Fact that teams in second part of table don’t use their young players could be explain by the quality of their youth academy: young talents stolen by other big clubs or not able to have the level required to play in first team.
Figure below show the average number of goals per 90 minutes for each age range. Manchester City have really good young players, Gabriel Jesus the prime example, confirming the good management from Pep Guardiola in term of recruitment and youth development.
We can see that Arsenal and Everton are good in this one because their young players are more attacking than defensive ones.
The last figure below is a kind of statistical liar, so take it for what it’s worth.
Indeed, we showed above that Chelsea don’t use their young players, but if we calculate the average number of assists per 90 minutes we see that is about 0.31 (which is the best rate of the league) for Chelsea young players. In fact – looking at data – Nathaniel Chalobah (159 minutes), Kurt Zouma (247 minutes), Nathan Ake (98 minutes), who are more defensive player delivered one assists each.
It’s the same case in West Bromwich: for example, Jonathan Leko has 0.81 assist per 90 because he played 111 minutes and delivered only one assist. For an 18 year old man it is a good thing but it doesn’t show that West Bromwich have terrific young players.
There is even some good insights here: looking at Viktor Fischer for Middlesbrough with 3 assist in 439 minutes (0,62 assists per 90) show that there are some teams are able to attract talent, it’s another question if they can do keep them.
While teams have a good balance in terms of age distribution, there are a lot of different strategies build on it. Top clubs which attract the best talents reach to deal with them and to gain from their skills. In the other hand, lower level squads have some difficulties to play with young players, too concentrate to keep a stable level during all the season or not able to have enough good young players able to play in first team.
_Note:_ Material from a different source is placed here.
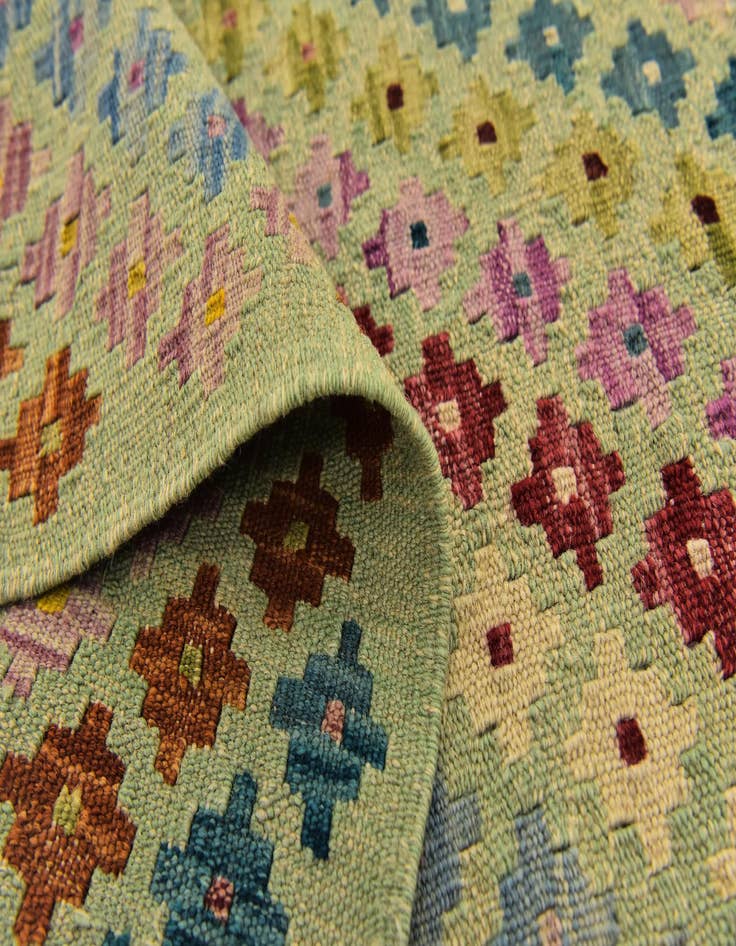 Detail image of  5' 10 x 7' 8  Hand Woven Kilim Modern Wool Rug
Looking at the Premier League last champion show that young player are not necessarily a key for win the title. It’s all about development strategies, putting in opposition clubs like Manchester City, with a focus on youth development and so long term strategy against club like Chelsea with young players leave in loan or on the bench, buying confirmed players instead.
This piece focused on the Premier League, but the conclusions we came up with might be different for other leagues, maybe one for a future article.
The data used here are from WhoScored.